Ya Hsien believes poets emerge when writing is fully respected and valued. He is the kind of writer that if he places a letter in the mailbox and then realizes there are two misplaced words, he will circle the box anxiously several times, trying to retrieve his letter and correct it.
Besides writing poems, Ya Hsien has been a successful drama actor and media editor in Taiwan.
"Whatever I do, I never betray the god of poetry," he says.
He calls himself a "poet in action", who scatters poetic romance into social life, manages magazines and newspapers with poetic aesthetics, and also scouts and cultivates a younger generation of poets.
Born Wang Qinglin to a rural family, Ya Hsien's earliest literary inspiration was the tiny moving "library" of children's books on an oxcart his father drove to spread knowledge among villages in Henan.
After arriving in Taiwan, he started publishing poems in 1953. He then joined two other renowned poets to create a nonprofit poetry magazine, The Epoch Poetry Quarterly, which is still published today and marks its 60th anniversary next year.
"In the 1950s, we published works of Chinese poets written in the 1930s, which was banned at that time by the Chiang government for ideological reasons. It's a miracle that the magazine survives to this day and has made itself a place in contemporary Taiwan," Ya Hsien says.
In the 1970s, Ya Hsien became involved in the management of a supplement of Taiwan newspaper United Daily News. Over more than 20 years he turned the supplement into an incubator of young writers like Xi Murong.
Ya has a master's degree from the University of Wisconsin, and has taken part in the prestigious International Writing Program at the University of Iowa. He now resides in Canada with his family.
He collects lots of old items as decorations in his house in Canada, such as abacuses, window frames from old houses, and different types of gongs, to remind himself of his hometown.
"Gongs remind me of the days I traveled with my father on the oxcart.
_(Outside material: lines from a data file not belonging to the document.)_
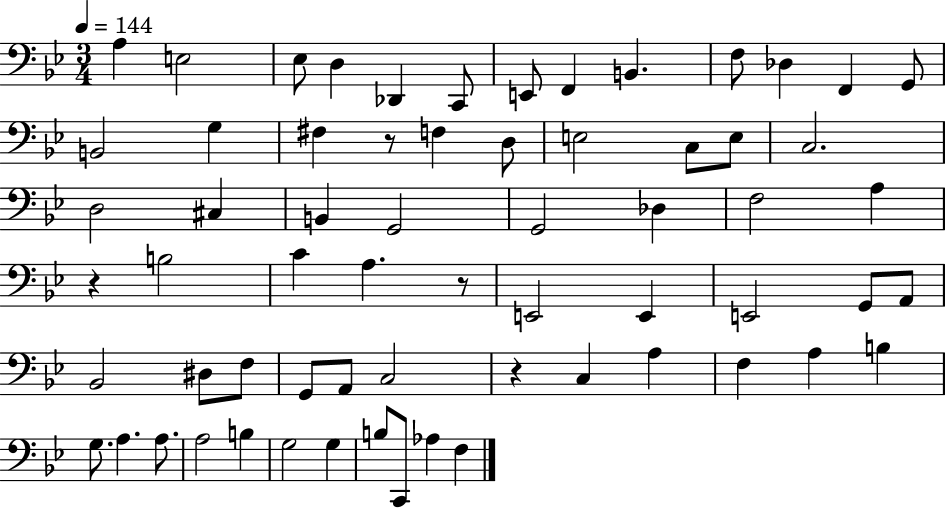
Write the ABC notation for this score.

X:1
T:Untitled
M:3/4
L:1/4
K:Bb
A, E,2 _E,/2 D, _D,, C,,/2 E,,/2 F,, B,, F,/2 _D, F,, G,,/2 B,,2 G, ^F, z/2 F, D,/2 E,2 C,/2 E,/2 C,2 D,2 ^C, B,, G,,2 G,,2 _D, F,2 A, z B,2 C A, z/2 E,,2 E,, E,,2 G,,/2 A,,/2 _B,,2 ^D,/2 F,/2 G,,/2 A,,/2 C,2 z C, A, F, A, B, G,/2 A, A,/2 A,2 B, G,2 G, B,/2 C,,/2 _A, F, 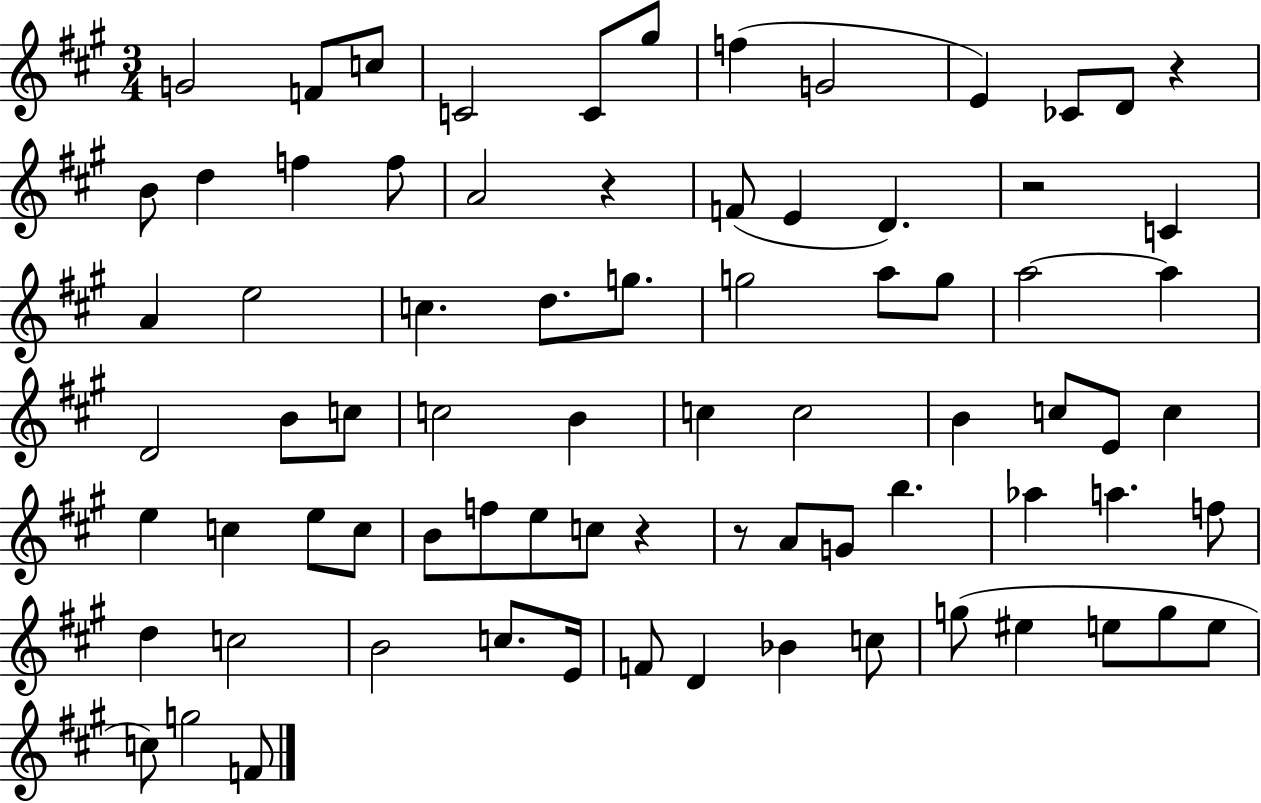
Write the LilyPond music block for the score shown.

Once we arrived at a village, I hammered the gong, and attracted the villagers to come to read," he says.
"I still hold that the best way to refine poetry is to refine the poet's mind and behavior," Ya Hsien says.
Contact the writer at meijia@chinadaily.com.cn
RED CORN
In the years of the last emperor the wind kept blowing
blowing on a string of red corn
It was actually right beneath the eaves
that it was hung
as if the whole North
the sadness of the whole North
were hanging there
Recalling those afternoons when we played truant
snow had chilled the private schoolmaster's ruler
my cousin's donkey was tied beneath the mulberry tree
Recalling the time when the suona began to sound
and the Taoist priests kept chanting
Grandfather's spirit had not yet returned from the capital
Recalling the cricket's calabash stacked away in the padded jacket
a tiny bit of cold, a tiny bit of warmth
and the copper hoops rolling over the knoll
in the distance we saw grandma's buckwheat field
and burst into tears
It was actually that kind of red corn
that was hanging there for a long long time
right beneath the eaves
when the wind was blowing, in the years of the last emperor
You will never understand
that string of red corn
the way it was hanging there
and its color
not even my daughter who was born in the South will understand
not even Verhaeren
Recalling the present
I have already grown old
strings of red corn are hanging
under the eaves of memory
the winds of 1958 will keep blowing
strings of red corn will keep hanging there.